Once you have completed the adoption procedure, and you have your new baby, you don't want to spend the next few years worrying every time the phone rings or there is a knock at the door. You don't want to risk having someone tell you that your adoption is not legal or valid. You can't imagine how shattering it is to have to give back your child.

Why All This Discussion About the Law?

Adoption is different things to different people, depending on where you fit into the scheme of things. For you, adopting a baby is a dream you want to come true. It is the one event that will instantly convert you from being a couple or a single person to being a family.

But adoption is also a legal contract.

The government is not really involved with all the emotions you and your spouse feel. The state is not aware of the trials you have undergone. They certainly have no way of knowing the emptiness you have felt or the frustration you have had to endure.

Please understand. The various government agencies are not your enemies. They want to help you all they can. But just as they want to be sure and protect your rights, they are also responsible for protecting the rights of the birth mother, the birth father, and the rights of the baby you want so desperately to adopt. The government must be certain that all the laws and regulations (and there are many of them!) are observed without deviation.

This makes things really hard on you because all states are different. Let me emphasize this. Every state's laws regarding adoption are different. This includes differences in the laws of your state, the state where the birth mother resides and the state where the birth father may reside. And each state reserves for itself certain controls over the adoptive process.

Some Common Questions

Can a local couple adopt a baby from an adjoining state? From China or Russia? What if you are Catholic? Or Jewish? Suppose you are a single parent? Or over 50? Or have a criminal record? What if you are homosexual? What if you have an ongoing health problem?

What if the laws of the birth mother's state are incompatible with the laws of your state?

Is it legal for you to put a notice in the newspaper and advertise for a baby? Are private adoptions legal? How long a period does the birth mother have to change her mind? 

What rights does a birth mother have if her name isn't on the birth certificate? How long must you wait before the baby is really yours?

There is no one answer to any of those questions since the laws are not the same from state to state. It may be legal in my state for me to place an ad for a pregnant woman who wants to place her child – but that may be against the law where you live. Each state is unique. Each adoption is unique. Each adopting couple is unique.

It is precisely because of this "uniqueness" that you must be familiar with the law. Truly, ignorance of the law will only result in sadness and failure.

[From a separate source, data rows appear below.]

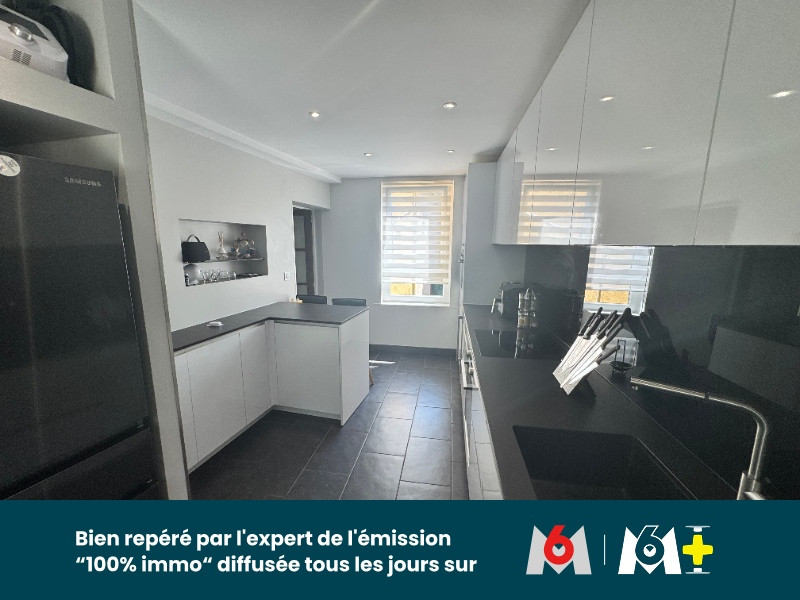 
                                                Vente
                                                 Superbe propriété de caractère avec prestations haut de gamme – 4 chambres – Piscine – Terrain 1 900 m²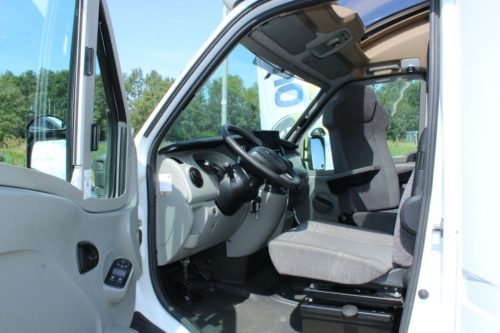 Knaus Sun Ti 700 Meg, Querbett, Garage, drehbare Vordersitze, Halbdinette, Sitzbank. Bj. 2008 Marum (Groningen) Foto: 19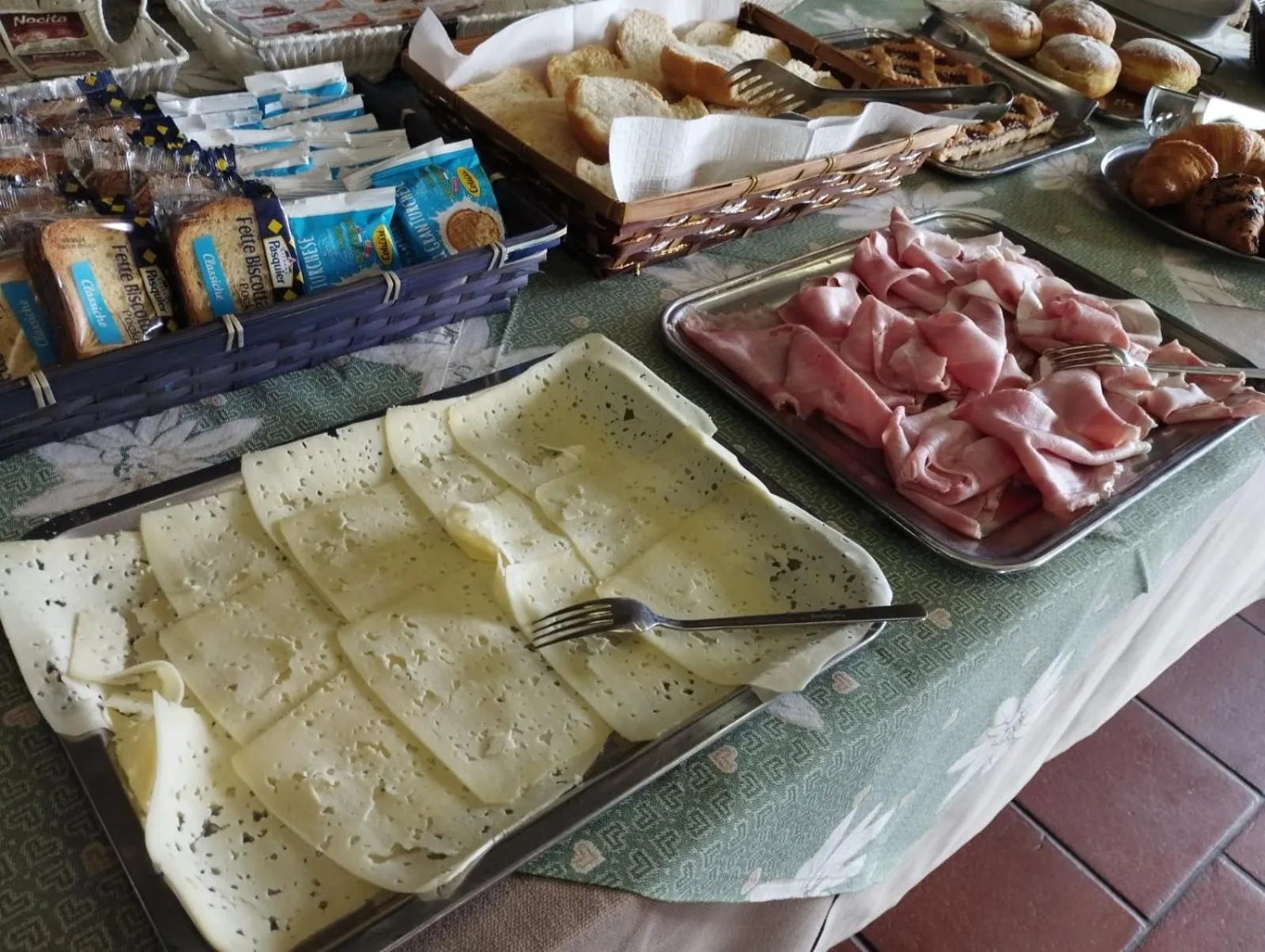 Breakfast in Hotel Ristorante La Baitina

So, once you have received your copy of the state's adoption law, read it. Read it carefully. A lot of it won't make any sense to you because it is written in "legalese." You won't be able to dig out all the fine points. That's O.K. What you will be able to do, however, is get an overview – a feeling about what's going on. You'll have a pretty fair idea of what kinds of adoptions are permitted in your state. You'll know the basics of what you can and cannot do.

Then, as you talk to the agencies, attorneys or other possible referral sources, you will be much better informed. You will not be at the mercy of others who may unknowingly ms-advise you.

Remember, some studies estimate that as many as 80% of the "experts" are ignorant of important laws. Their ignorance can lead to disaster for you. What they don't know can hurt you. It can ruin all your plans for success.